The Buta health post is part of a massive USAid programme, which aims to reach more than half the country’s population and help reduce maternal and child mortality by supporting integrated family healthcare. The programme does not fund safe abortion – though it does support some services for women suffering health complications following unsafe abortions.
Pathfinder, the US NGO that implements the USAid programme in Ethiopia, says this is a “missed opportunity” and that it is actively looking for other sources of funding so that abortion services can be offered too.
“Any primary health clinic that doesn’t provide abortions is a missed opportunity,” said Demet Güral, a physician and vice-president of programmes at the NGO. Even if women have access to contraception, there are always failure rates, says Güral, and it is essential they can access safe abortion if needed. “Especially for youth; most are not married, they have a future. How can you talk about family planning for youth and not talk about abortion? It’s nonsense.”
While US president Barack Obama repealed the ‘global gag rule’, which prohibited foreign NGOs from receiving US funding if they performed or promoted abortion, anti-abortion restrictions remain attached to US foreign assistance through a relatively obscure and often misunderstood amendment, attached to the US foreign assistance act.
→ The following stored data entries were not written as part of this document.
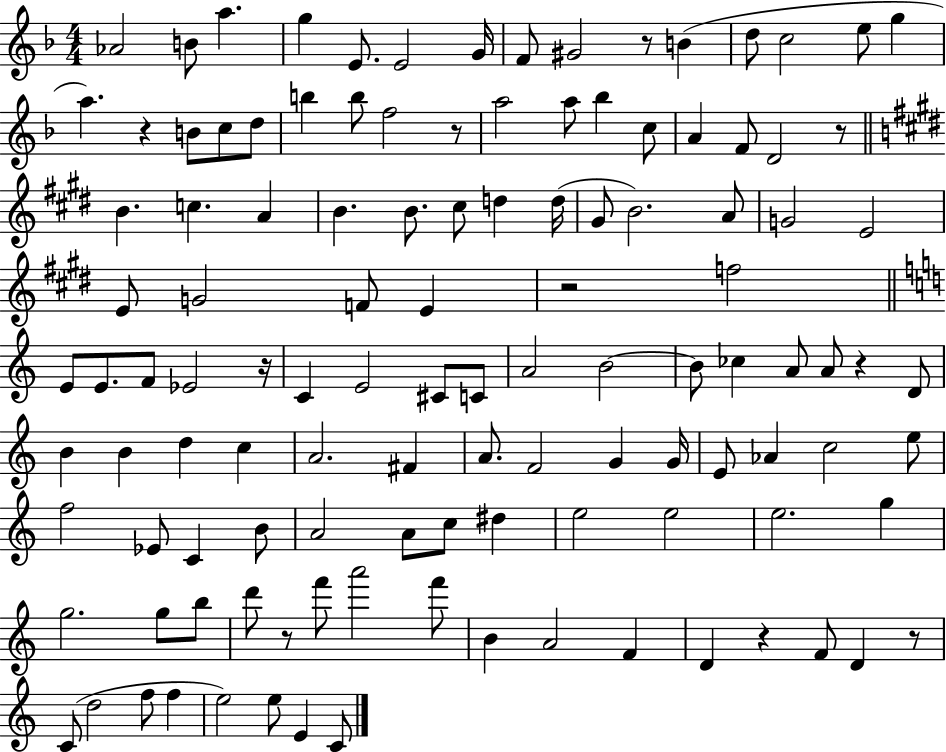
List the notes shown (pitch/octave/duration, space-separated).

Ab4/h B4/e A5/q. G5/q E4/e. E4/h G4/s F4/e G#4/h R/e B4/q D5/e C5/h E5/e G5/q A5/q. R/q B4/e C5/e D5/e B5/q B5/e F5/h R/e A5/h A5/e Bb5/q C5/e A4/q F4/e D4/h R/e B4/q. C5/q. A4/q B4/q. B4/e. C#5/e D5/q D5/s G#4/e B4/h. A4/e G4/h E4/h E4/e G4/h F4/e E4/q R/h F5/h E4/e E4/e. F4/e Eb4/h R/s C4/q E4/h C#4/e C4/e A4/h B4/h B4/e CES5/q A4/e A4/e R/q D4/e B4/q B4/q D5/q C5/q A4/h. F#4/q A4/e. F4/h G4/q G4/s E4/e Ab4/q C5/h E5/e F5/h Eb4/e C4/q B4/e A4/h A4/e C5/e D#5/q E5/h E5/h E5/h. G5/q G5/h. G5/e B5/e D6/e R/e F6/e A6/h F6/e B4/q A4/h F4/q D4/q R/q F4/e D4/q R/e C4/e D5/h F5/e F5/q E5/h E5/e E4/q C4/e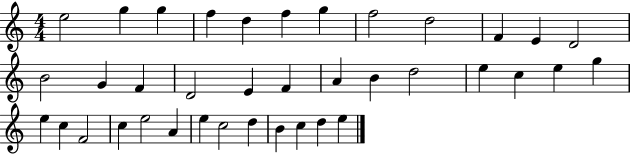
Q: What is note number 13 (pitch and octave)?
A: B4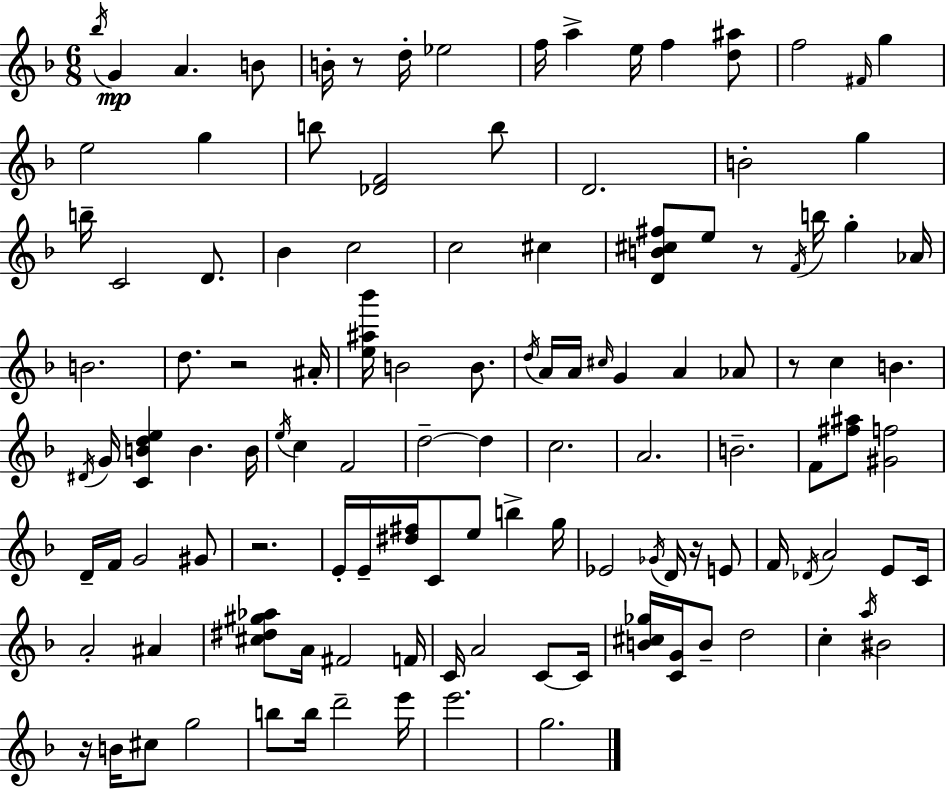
{
  \clef treble
  \numericTimeSignature
  \time 6/8
  \key f \major
  \acciaccatura { bes''16 }\mp g'4 a'4. b'8 | b'16-. r8 d''16-. ees''2 | f''16 a''4-> e''16 f''4 <d'' ais''>8 | f''2 \grace { fis'16 } g''4 | \break e''2 g''4 | b''8 <des' f'>2 | b''8 d'2. | b'2-. g''4 | \break b''16-- c'2 d'8. | bes'4 c''2 | c''2 cis''4 | <d' b' cis'' fis''>8 e''8 r8 \acciaccatura { f'16 } b''16 g''4-. | \break aes'16 b'2. | d''8. r2 | ais'16-. <e'' ais'' bes'''>16 b'2 | b'8. \acciaccatura { d''16 } a'16 a'16 \grace { cis''16 } g'4 a'4 | \break aes'8 r8 c''4 b'4. | \acciaccatura { dis'16 } g'16 <c' b' d'' e''>4 b'4. | b'16 \acciaccatura { e''16 } c''4 f'2 | d''2--~~ | \break d''4 c''2. | a'2. | b'2.-- | f'8 <fis'' ais''>8 <gis' f''>2 | \break d'16-- f'16 g'2 | gis'8 r2. | e'16-. e'16-- <dis'' fis''>16 c'8 | e''8 b''4-> g''16 ees'2 | \break \acciaccatura { ges'16 } d'16 r16 e'8 f'16 \acciaccatura { des'16 } a'2 | e'8 c'16 a'2-. | ais'4 <cis'' dis'' gis'' aes''>8 a'16 | fis'2 f'16 c'16 a'2 | \break c'8~~ c'16 <b' cis'' ges''>16 <c' g'>16 b'8-- | d''2 c''4-. | \acciaccatura { a''16 } bis'2 r16 b'16 | cis''8 g''2 b''8 | \break b''16 d'''2-- e'''16 e'''2. | g''2. | \bar "|."
}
The Helms amendment, first enacted in 1973, says no US aid can go towards abortion “as a method of family planning” or to “motivate or coerce any person to practice abortions”. What this means is open to interpretation, however. In practice, USAid has implemented the Helms amendment as an absolute ban on abortion.
Liz Maguire, CEO of IPAS, a US-based NGO, says Ethiopia is “one of the best examples” of how these restrictions can impact on women’s lives. “Abortion is the most neglected area in women’s health,” said Maguire, who worked for USAid for decades and was head of its population assistance programme during the Clinton administration. “Here, what’s sad is that women are being discriminated against because they live in areas with USAid funding.”
Güral said it is a sad fact that most of the world’s deaths due to unsafe abortions happen in developing countries, where US foreign aid is a critical resource. Many NGOs shy away from working on abortion because they fear the ‘global gag rule’ could return, or are confused about which specific services are allowed under the Helms amendment, she added. “On the ground … we have a ‘let’s not go there’ feeling. That’s the chilling effect,” said Güral. “Of course this is affecting the lives of women.”